Ground forces are in a perfect place to capture those benefits were a war to break out in the Indo-Pacific theater, the commanding general of U.S. Army Pacific said Tuesday.
“There are those that are building anti-access, area denial bubbles,” through the use of long-range precision fires and long-range standoff weapons, Gen. Robert B. Brown said at the opening of the Association of the United States Army’s 2019 Land Forces of the Pacific Symposium. “They believe they have all our militaries figured out. That they know exactly how we fight in a very linear manner, not utilizing all the domains.”
“When you look to the future, those A2AD can be defeated and the ground, the land, plays a key role in that, securing that,” Brown said.
Unlike the sea or air domains, land offers a bounty of cover and concealment, including jungles, swamps, rivers, mountains, caves and cities. That reality is also at play in the Pacific — a region home to 25,000 islands and more people than the rest of the world combined.
“Land is complex,” Brown said. “It’s definitely easier to hide things on land, and therefore land is much more survivable.”
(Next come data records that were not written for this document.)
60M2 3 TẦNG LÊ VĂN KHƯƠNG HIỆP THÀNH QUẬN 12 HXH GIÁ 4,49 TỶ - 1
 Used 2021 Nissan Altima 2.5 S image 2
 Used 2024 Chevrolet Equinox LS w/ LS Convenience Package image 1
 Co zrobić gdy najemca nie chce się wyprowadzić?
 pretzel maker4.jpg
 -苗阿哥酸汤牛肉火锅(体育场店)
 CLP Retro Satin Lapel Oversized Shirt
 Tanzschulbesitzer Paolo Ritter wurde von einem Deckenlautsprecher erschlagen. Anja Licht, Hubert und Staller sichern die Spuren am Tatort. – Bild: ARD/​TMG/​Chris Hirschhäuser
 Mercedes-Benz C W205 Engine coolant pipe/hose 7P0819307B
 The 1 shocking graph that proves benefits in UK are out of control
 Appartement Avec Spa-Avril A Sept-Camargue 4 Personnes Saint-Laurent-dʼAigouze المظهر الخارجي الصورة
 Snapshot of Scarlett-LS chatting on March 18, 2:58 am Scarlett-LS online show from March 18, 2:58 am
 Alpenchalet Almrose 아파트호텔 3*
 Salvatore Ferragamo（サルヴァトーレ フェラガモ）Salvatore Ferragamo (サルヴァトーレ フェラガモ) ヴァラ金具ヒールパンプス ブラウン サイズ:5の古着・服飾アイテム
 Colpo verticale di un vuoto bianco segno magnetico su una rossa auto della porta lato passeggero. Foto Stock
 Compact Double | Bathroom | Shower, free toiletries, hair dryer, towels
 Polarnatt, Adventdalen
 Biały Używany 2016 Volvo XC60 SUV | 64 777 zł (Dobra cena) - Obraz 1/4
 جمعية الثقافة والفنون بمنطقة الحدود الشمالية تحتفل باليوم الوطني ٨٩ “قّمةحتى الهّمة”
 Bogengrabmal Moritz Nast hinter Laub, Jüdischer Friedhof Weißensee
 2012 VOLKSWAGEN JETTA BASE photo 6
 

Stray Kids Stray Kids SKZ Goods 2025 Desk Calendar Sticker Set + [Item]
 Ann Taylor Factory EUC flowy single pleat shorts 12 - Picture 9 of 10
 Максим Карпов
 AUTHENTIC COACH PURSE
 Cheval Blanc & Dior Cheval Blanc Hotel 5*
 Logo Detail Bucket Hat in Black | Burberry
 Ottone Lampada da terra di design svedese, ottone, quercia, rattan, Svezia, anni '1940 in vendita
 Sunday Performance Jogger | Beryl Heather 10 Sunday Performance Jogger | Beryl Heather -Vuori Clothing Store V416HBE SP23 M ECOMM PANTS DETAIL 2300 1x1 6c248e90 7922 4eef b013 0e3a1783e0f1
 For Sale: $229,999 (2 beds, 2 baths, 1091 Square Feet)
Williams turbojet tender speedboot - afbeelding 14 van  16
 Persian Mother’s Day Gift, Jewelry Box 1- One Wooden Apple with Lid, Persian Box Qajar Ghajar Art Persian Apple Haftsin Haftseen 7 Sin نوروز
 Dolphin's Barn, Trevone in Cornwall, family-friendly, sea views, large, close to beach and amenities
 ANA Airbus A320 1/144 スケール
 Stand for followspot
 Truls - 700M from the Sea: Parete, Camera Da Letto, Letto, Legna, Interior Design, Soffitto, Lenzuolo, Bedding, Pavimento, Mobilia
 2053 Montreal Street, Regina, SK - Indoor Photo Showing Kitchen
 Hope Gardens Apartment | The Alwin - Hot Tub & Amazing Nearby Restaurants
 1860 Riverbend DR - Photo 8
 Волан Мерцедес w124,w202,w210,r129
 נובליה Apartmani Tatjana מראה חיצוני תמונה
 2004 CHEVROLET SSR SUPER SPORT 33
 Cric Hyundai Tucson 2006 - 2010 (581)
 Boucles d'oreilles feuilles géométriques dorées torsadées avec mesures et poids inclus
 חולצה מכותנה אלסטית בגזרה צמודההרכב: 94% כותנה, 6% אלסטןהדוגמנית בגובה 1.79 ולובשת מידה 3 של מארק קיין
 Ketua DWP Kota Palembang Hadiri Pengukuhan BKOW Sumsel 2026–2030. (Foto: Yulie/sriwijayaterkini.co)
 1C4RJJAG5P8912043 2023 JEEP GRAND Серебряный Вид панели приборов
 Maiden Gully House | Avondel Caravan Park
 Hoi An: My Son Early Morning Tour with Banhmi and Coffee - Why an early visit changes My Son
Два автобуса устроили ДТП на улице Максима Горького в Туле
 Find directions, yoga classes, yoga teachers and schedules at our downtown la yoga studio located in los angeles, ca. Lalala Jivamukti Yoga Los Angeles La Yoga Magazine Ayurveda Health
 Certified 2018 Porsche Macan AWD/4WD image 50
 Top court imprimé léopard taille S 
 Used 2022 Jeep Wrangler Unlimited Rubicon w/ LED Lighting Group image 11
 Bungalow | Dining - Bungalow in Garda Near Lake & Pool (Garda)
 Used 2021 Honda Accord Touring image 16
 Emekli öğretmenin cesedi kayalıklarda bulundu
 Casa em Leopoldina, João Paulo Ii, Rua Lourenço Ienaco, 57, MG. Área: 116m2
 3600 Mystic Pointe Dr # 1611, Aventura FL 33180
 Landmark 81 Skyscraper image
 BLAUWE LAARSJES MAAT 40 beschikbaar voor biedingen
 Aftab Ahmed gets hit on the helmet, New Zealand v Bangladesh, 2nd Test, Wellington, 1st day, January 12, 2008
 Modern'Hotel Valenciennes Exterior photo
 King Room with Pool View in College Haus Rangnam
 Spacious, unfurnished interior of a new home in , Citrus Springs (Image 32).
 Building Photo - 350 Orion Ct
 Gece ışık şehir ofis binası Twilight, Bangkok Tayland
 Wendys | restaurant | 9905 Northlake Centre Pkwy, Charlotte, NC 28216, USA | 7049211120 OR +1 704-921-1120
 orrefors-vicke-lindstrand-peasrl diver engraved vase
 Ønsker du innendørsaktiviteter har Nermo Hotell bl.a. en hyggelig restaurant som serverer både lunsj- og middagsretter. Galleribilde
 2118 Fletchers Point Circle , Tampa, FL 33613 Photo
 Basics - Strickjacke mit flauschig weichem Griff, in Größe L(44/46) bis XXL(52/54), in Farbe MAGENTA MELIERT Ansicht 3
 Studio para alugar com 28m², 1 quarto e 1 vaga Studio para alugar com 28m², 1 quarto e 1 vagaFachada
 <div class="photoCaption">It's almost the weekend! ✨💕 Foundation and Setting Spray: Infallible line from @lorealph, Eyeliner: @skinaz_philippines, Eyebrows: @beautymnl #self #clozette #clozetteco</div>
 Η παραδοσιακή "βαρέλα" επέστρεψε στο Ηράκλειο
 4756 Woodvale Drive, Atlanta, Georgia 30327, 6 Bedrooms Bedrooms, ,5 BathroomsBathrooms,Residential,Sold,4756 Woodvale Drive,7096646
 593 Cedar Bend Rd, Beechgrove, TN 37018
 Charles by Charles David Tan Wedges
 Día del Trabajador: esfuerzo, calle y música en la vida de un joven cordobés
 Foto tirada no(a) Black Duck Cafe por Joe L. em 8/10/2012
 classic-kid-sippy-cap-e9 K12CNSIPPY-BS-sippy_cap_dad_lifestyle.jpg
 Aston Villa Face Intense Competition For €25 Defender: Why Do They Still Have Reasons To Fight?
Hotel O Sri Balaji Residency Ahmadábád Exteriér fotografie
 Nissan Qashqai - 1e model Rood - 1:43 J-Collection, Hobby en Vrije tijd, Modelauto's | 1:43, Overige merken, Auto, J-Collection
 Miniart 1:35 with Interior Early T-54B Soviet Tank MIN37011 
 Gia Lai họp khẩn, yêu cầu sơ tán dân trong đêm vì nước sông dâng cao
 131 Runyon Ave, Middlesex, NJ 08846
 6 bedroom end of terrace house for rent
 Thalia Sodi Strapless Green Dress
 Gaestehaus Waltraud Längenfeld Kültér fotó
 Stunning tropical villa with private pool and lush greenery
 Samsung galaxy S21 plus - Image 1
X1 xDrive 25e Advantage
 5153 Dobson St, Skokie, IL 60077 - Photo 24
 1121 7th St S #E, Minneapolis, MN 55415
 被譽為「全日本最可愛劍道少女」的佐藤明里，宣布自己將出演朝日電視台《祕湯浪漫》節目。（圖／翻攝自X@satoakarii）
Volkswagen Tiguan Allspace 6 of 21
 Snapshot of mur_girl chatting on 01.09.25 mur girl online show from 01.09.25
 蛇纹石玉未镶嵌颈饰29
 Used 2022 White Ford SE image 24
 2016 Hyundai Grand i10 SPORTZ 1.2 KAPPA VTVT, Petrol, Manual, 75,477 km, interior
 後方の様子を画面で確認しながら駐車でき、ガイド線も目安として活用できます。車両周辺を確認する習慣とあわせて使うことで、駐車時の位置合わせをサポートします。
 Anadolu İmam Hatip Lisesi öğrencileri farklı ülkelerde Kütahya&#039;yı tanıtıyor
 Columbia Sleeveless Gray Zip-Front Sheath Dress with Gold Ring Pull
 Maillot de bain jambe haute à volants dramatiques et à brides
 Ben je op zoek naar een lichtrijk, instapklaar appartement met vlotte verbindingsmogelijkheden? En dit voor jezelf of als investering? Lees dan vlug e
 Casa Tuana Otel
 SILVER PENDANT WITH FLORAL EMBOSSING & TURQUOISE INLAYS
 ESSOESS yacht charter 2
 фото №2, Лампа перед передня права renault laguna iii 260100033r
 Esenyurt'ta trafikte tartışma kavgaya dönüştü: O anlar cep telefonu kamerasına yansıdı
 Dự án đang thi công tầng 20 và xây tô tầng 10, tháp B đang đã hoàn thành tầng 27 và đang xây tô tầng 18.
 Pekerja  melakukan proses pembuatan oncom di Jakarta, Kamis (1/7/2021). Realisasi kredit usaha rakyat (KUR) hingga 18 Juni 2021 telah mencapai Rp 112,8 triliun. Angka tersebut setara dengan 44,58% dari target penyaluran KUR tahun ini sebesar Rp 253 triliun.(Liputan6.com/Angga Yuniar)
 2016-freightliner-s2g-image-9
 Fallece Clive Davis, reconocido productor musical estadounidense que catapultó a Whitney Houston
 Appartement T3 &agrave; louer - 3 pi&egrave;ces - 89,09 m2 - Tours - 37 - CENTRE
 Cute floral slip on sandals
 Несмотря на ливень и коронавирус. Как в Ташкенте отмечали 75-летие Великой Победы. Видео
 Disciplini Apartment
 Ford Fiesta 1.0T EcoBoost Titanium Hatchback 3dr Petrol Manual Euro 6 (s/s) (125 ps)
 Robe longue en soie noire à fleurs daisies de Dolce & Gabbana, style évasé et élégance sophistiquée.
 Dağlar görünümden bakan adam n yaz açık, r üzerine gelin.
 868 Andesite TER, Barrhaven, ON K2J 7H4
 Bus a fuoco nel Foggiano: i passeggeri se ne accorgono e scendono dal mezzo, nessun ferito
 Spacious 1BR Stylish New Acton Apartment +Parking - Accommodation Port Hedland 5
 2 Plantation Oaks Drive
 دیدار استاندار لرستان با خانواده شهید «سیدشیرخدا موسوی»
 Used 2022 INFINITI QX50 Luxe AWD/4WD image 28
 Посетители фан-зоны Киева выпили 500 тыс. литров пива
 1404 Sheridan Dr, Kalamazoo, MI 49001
That goes for Army forces, Marine forces, and all the services’ special operations forces, according to Brown. Those troops play a critical role “anywhere in the world, but certainly here in the Pacific with the 25,000 islands,” he said.
The possibility that land forces could survive salvos of missiles or naval and air fires would be key in keeping lines of communication open for coordinating joint forces, as well as orchestrating cyber operations and responding with retaliatory strikes.
If the U.S. military were to defend against an aggressive Chinese attack on disputed territory, such as Taiwan or the Ryukyu Islands, existing air and sea ports may be within lethal range of China’s ballistic missiles and modernized air forces.
That threat was highlighted by a 2017 RAND Arroyo Center study sponsored by the Army. It also noted that even expeditionary bases would be vulnerable once discovered and projecting power into a region in the midst of a crisis could exacerbate it.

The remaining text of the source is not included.